» **To do**
The answer must consist solely of the lines from the opening line of the entries through the line with "BDKMMS Christmas Pillow", transcribed exactly and without any pictures.

═══ Extracted records

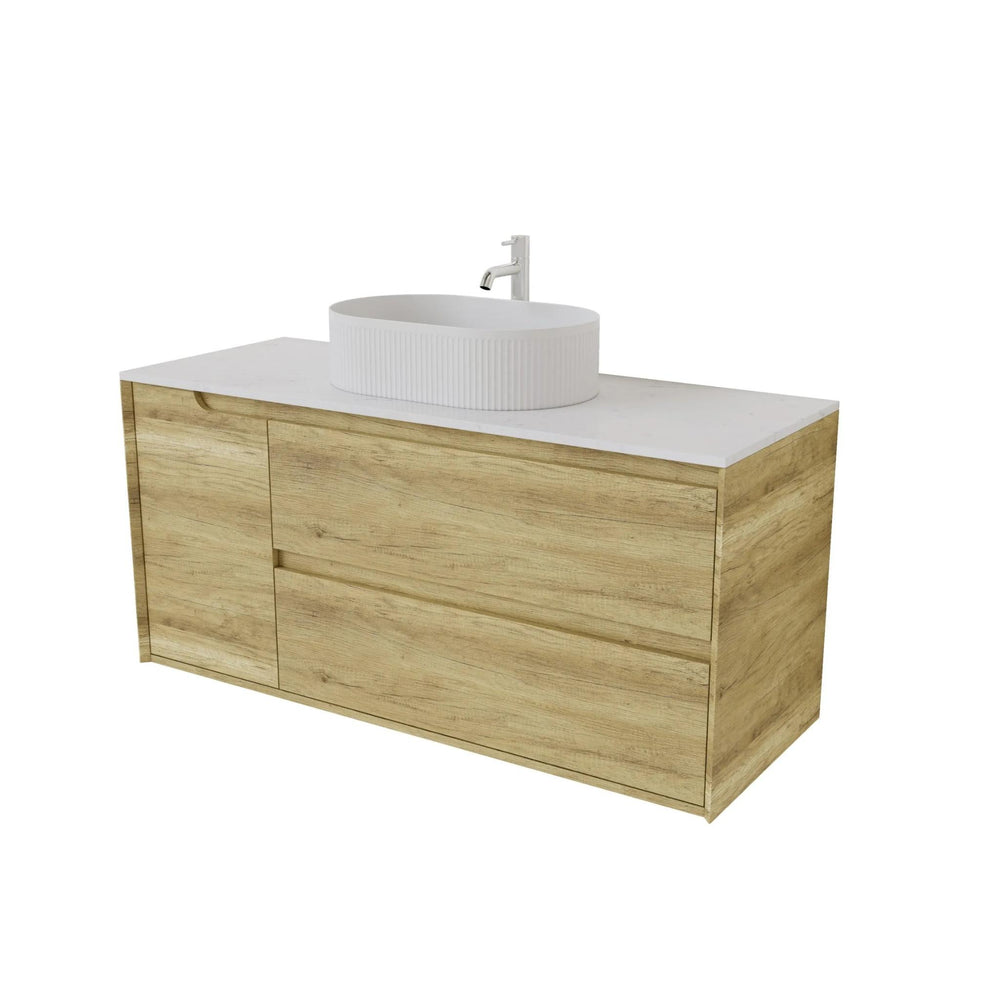 VITO BROOKLYN ASHWOOD 1200MM SINGLE BOWL WALL HUNG VANITY (RIGHT HAND DRAWER)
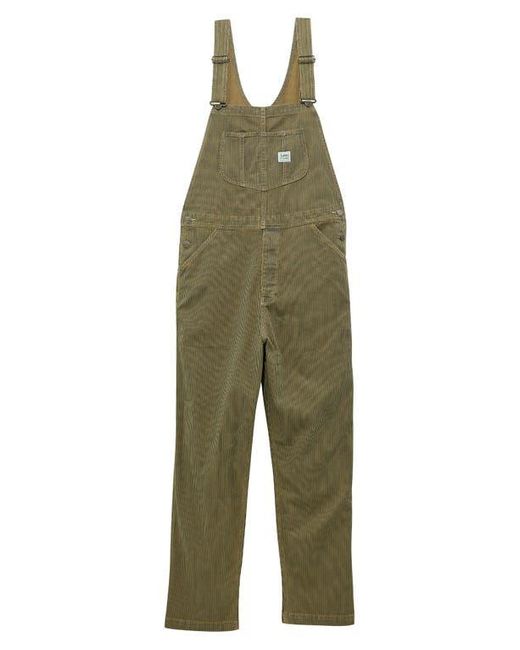 Lee Jeans Green Railroad Stripe Workwear Bib Overalls for men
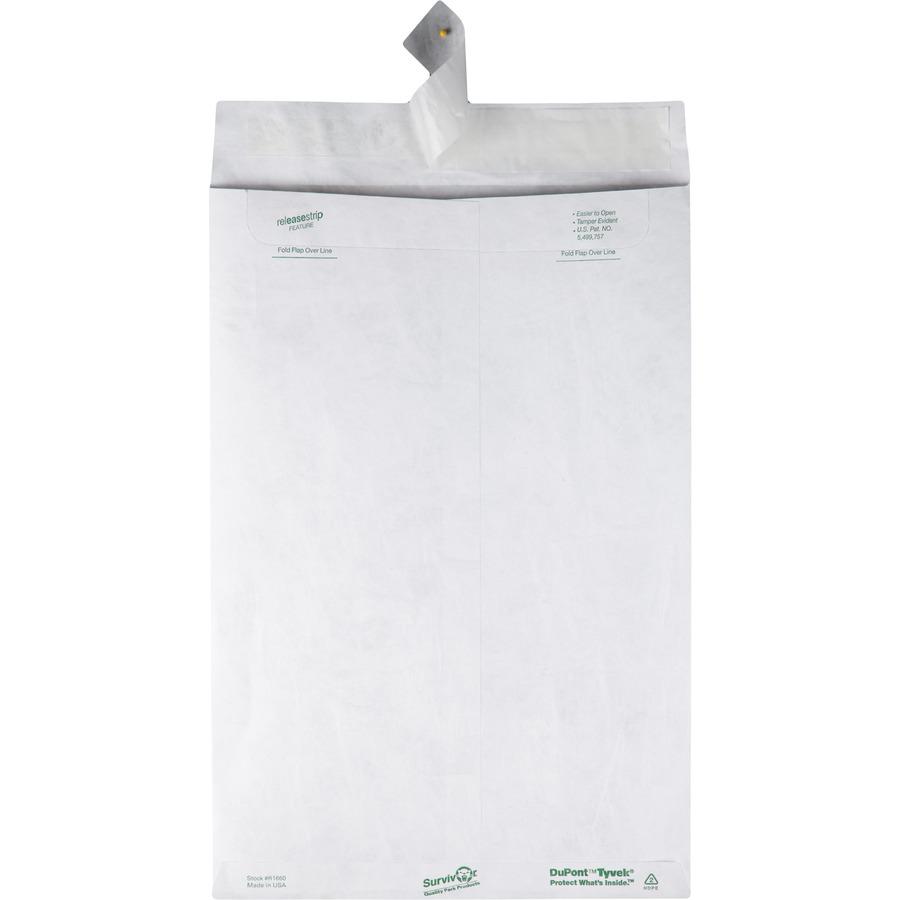 Survivor&reg; 10 x 15 DuPont Tyvek Catalog Mailers - Catalog - 10" Width x 15" Length - 14 lb - Peel & Seal - White - Tyvek - 100 / Box. Picture 10
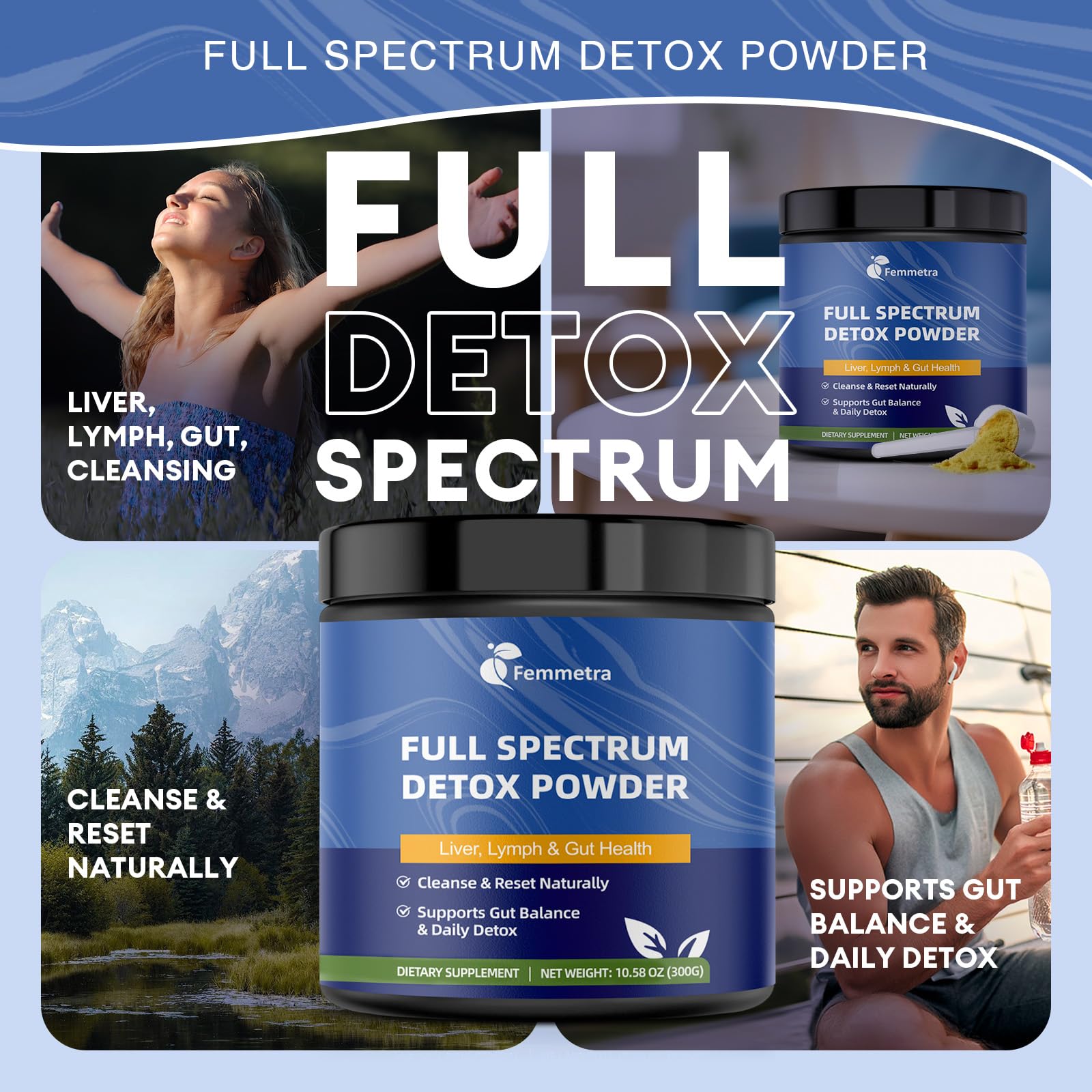 Pouring Femmetra detox powder into a glass for quick preparation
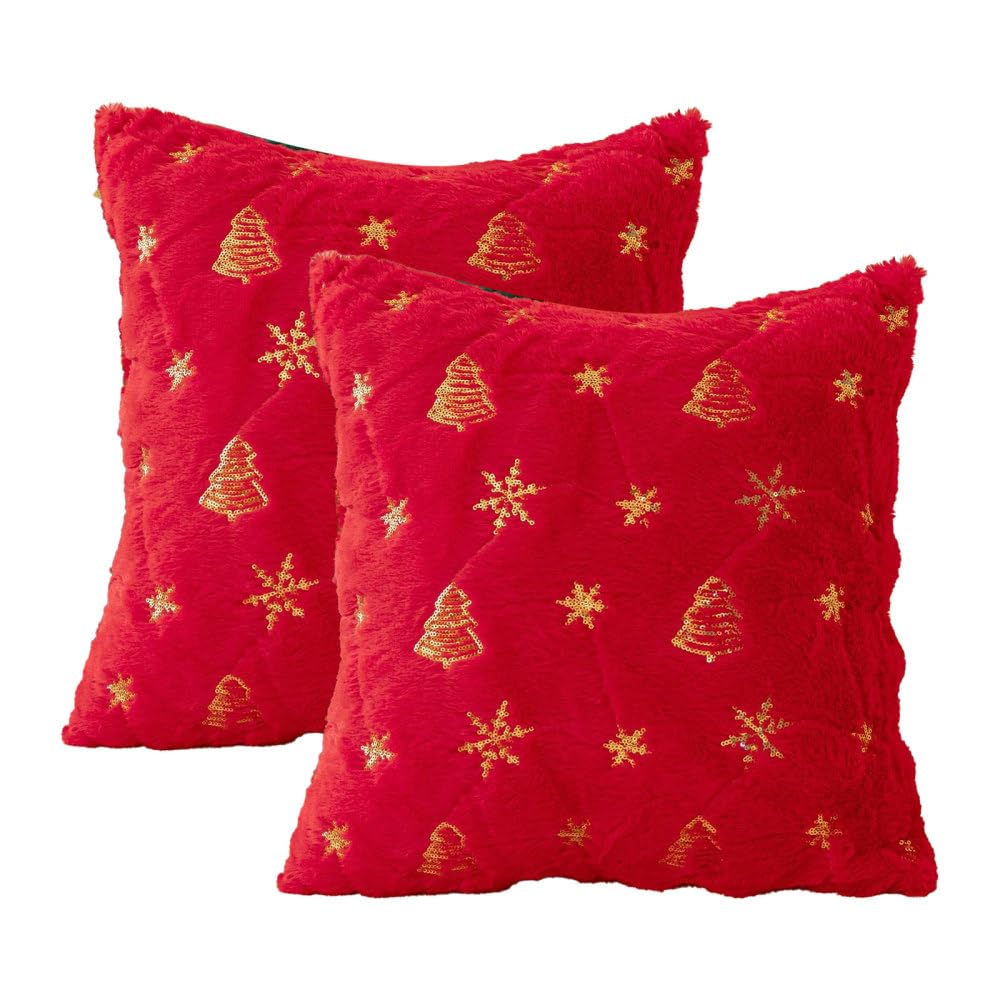 BDKMMS Christmas Pillow Covers, 2PCS 17.7×17.7Inch Soft Plush Christmas Tree Embroidered Pillowcases Xmas Decorations for Sofa Couch Cushion Chair Living Room
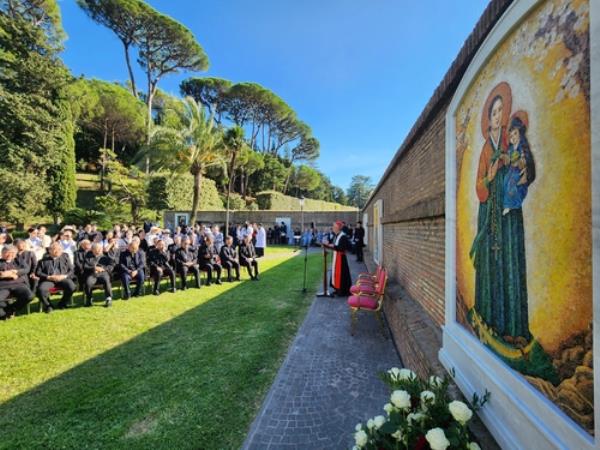 Cardinal Lazzaro You Heung-sik, prefect of the Dicastery for the Clergy of the Holy See, speaks during a blessing ceremony for unveiling the 'Korean Virgin Mary of Peace' mosaic at the Vatican Gardens on Sept. 20, 2024. (Yonhap)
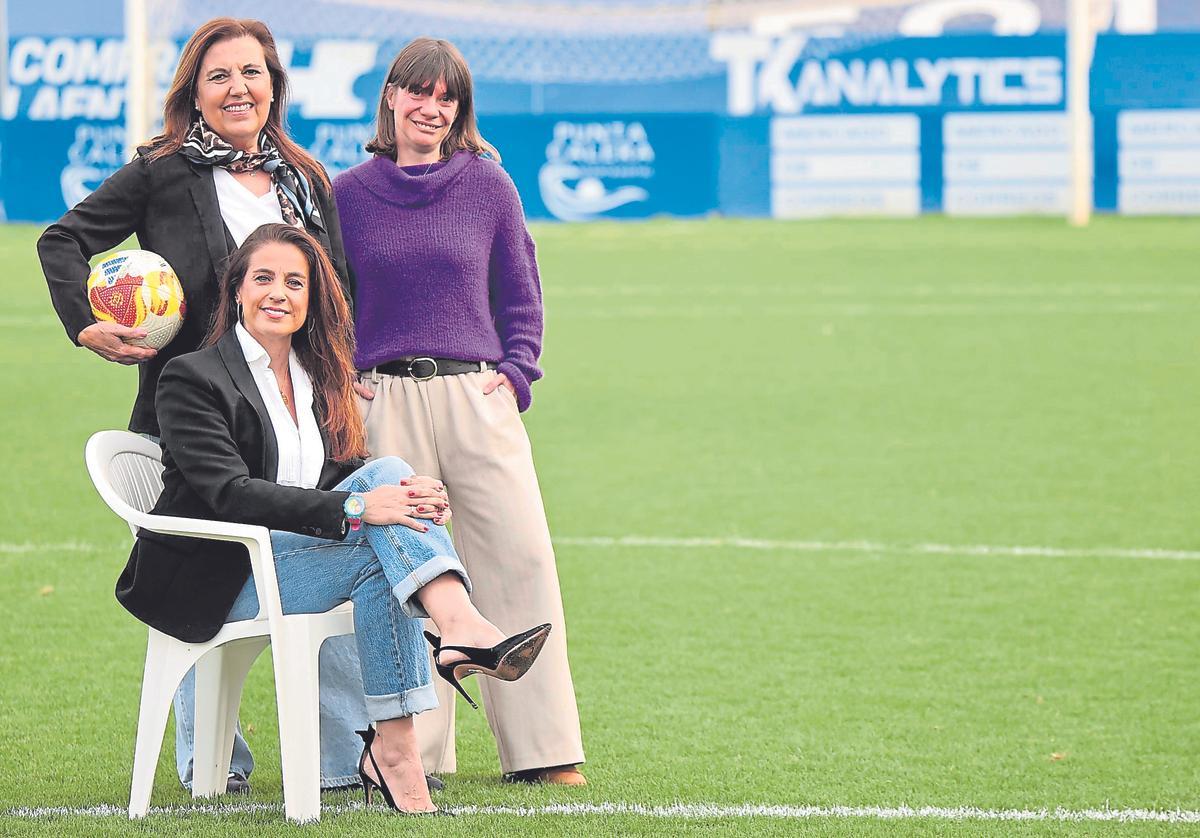 Las periodistas deportivas María José Alarcón, Eva Franco y Ángela Moreno.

══════

» **Answer to the exercise**
 VITO BROOKLYN ASHWOOD 1200MM SINGLE BOWL WALL HUNG VANITY (RIGHT HAND DRAWER)
 Lee Jeans Green Railroad Stripe Workwear Bib Overalls for men
 Survivor&reg; 10 x 15 DuPont Tyvek Catalog Mailers - Catalog - 10" Width x 15" Length - 14 lb - Peel & Seal - White - Tyvek - 100 / Box. Picture 10
 Pouring Femmetra detox powder into a glass for quick preparation
 BDKMMS Christmas Pillow Covers, 2PCS 17.7×17.7Inch Soft Plush Christmas Tree Embroidered Pillowcases Xmas Decorations for Sofa Couch Cushion Chair Living Room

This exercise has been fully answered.